All records are to be transcribed in full; any pictures among them are to be skipped.

Dataset items:
--------------------------------
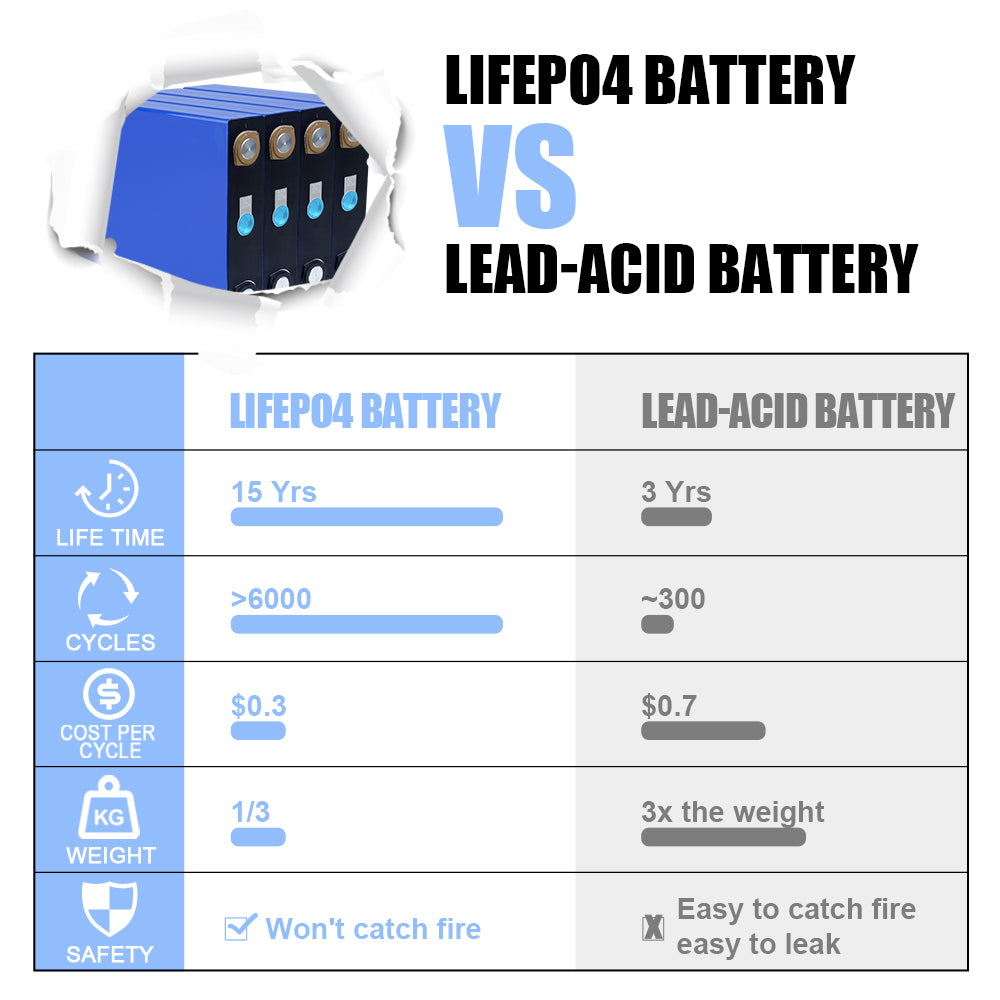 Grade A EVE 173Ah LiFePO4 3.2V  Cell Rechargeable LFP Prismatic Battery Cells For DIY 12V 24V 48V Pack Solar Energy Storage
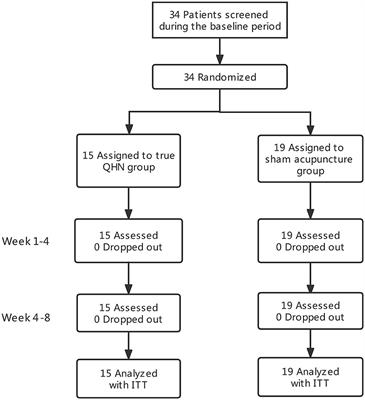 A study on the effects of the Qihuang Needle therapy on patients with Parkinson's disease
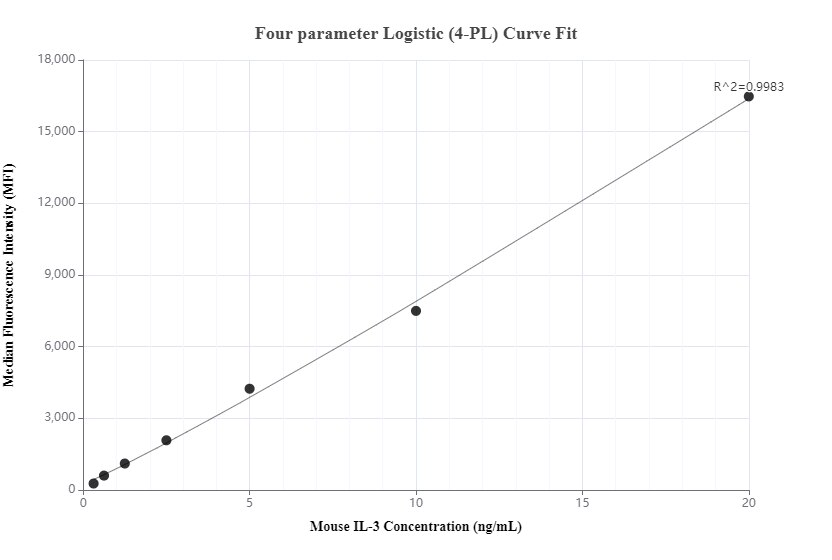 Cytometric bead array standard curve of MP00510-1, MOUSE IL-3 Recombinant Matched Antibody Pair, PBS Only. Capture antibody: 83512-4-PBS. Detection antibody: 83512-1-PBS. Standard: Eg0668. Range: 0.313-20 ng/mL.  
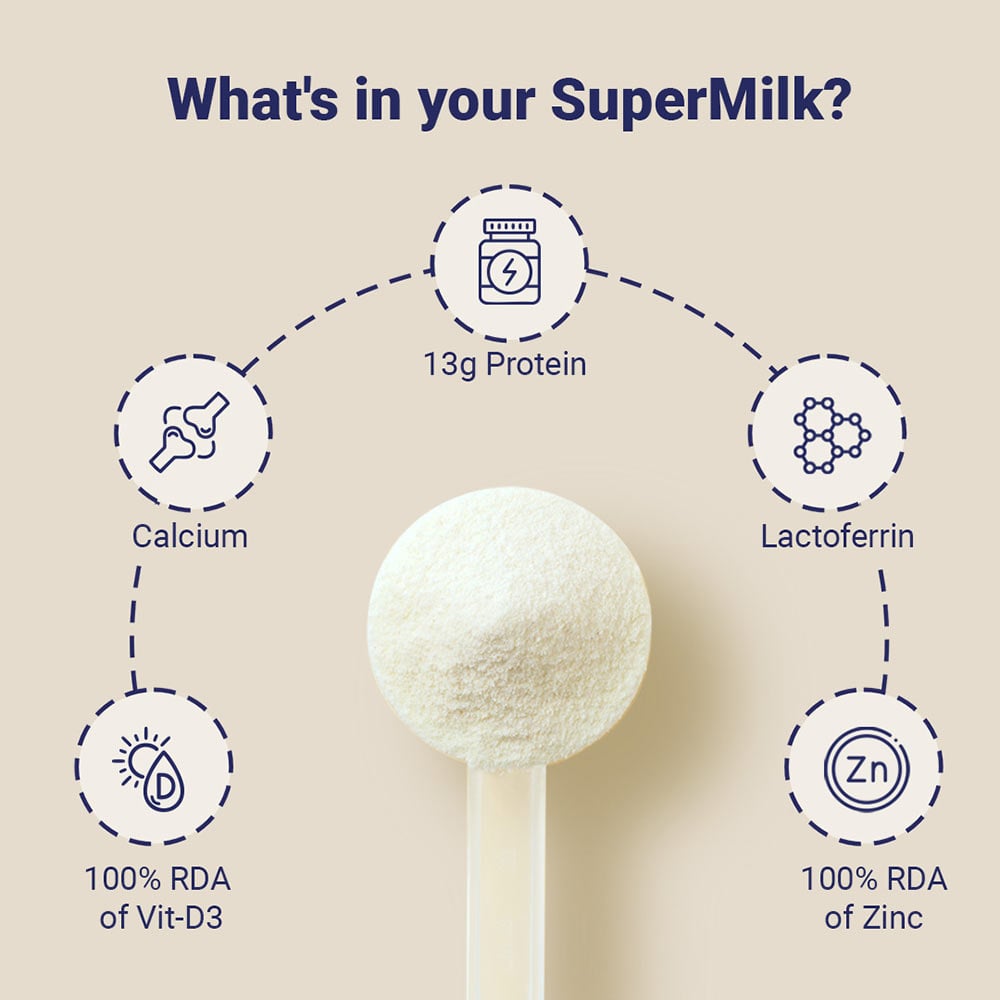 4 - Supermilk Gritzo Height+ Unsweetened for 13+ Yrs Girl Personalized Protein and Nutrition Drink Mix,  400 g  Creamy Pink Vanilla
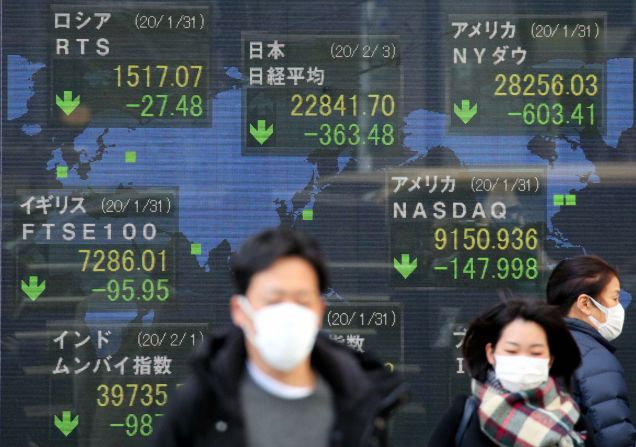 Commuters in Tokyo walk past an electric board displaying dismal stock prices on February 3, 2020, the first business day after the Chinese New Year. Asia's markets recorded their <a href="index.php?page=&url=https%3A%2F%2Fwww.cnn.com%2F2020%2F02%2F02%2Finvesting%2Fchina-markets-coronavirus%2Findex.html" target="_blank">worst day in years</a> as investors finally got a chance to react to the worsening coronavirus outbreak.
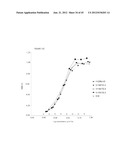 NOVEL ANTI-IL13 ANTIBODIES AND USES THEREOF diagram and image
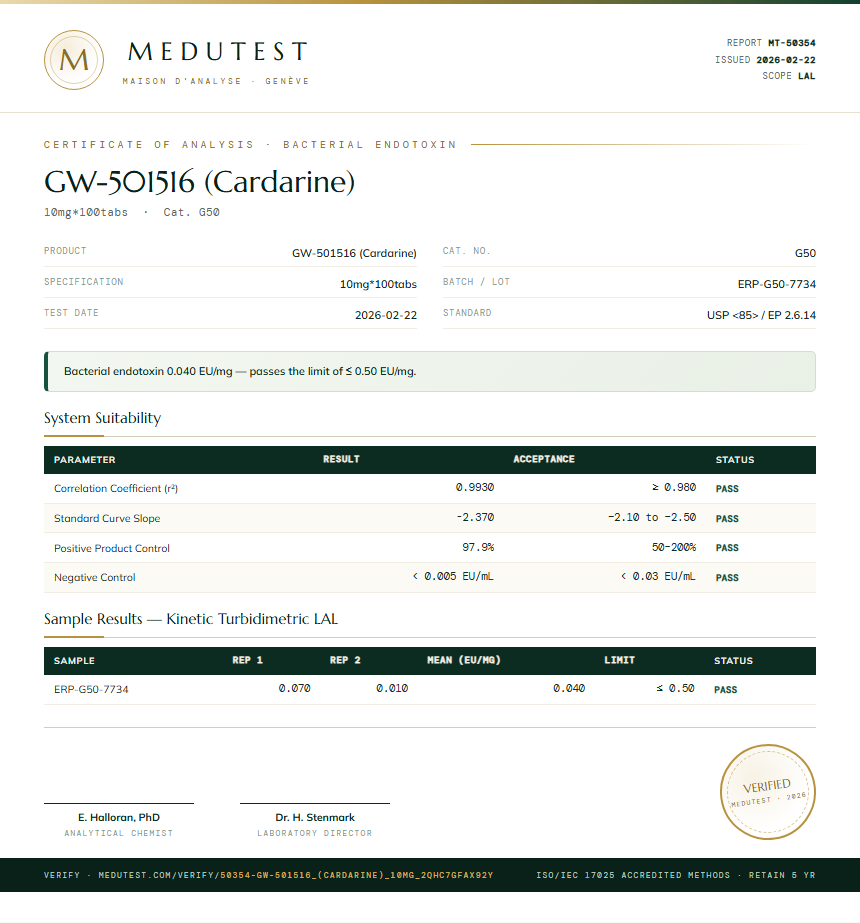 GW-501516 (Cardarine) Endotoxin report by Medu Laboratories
--------------------------------
(Solution for this problem)
 Grade A EVE 173Ah LiFePO4 3.2V  Cell Rechargeable LFP Prismatic Battery Cells For DIY 12V 24V 48V Pack Solar Energy Storage
 A study on the effects of the Qihuang Needle therapy on patients with Parkinson's disease
 Cytometric bead array standard curve of MP00510-1, MOUSE IL-3 Recombinant Matched Antibody Pair, PBS Only. Capture antibody: 83512-4-PBS. Detection antibody: 83512-1-PBS. Standard: Eg0668. Range: 0.313-20 ng/mL.  
 4 - Supermilk Gritzo Height+ Unsweetened for 13+ Yrs Girl Personalized Protein and Nutrition Drink Mix,  400 g  Creamy Pink Vanilla
 Commuters in Tokyo walk past an electric board displaying dismal stock prices on February 3, 2020, the first business day after the Chinese New Year. Asia's markets recorded their <a href="index.php?page=&url=https%3A%2F%2Fwww.cnn.com%2F2020%2F02%2F02%2Finvesting%2Fchina-markets-coronavirus%2Findex.html" target="_blank">worst day in years</a> as investors finally got a chance to react to the worsening coronavirus outbreak.
 NOVEL ANTI-IL13 ANTIBODIES AND USES THEREOF diagram and image
 GW-501516 (Cardarine) Endotoxin report by Medu Laboratories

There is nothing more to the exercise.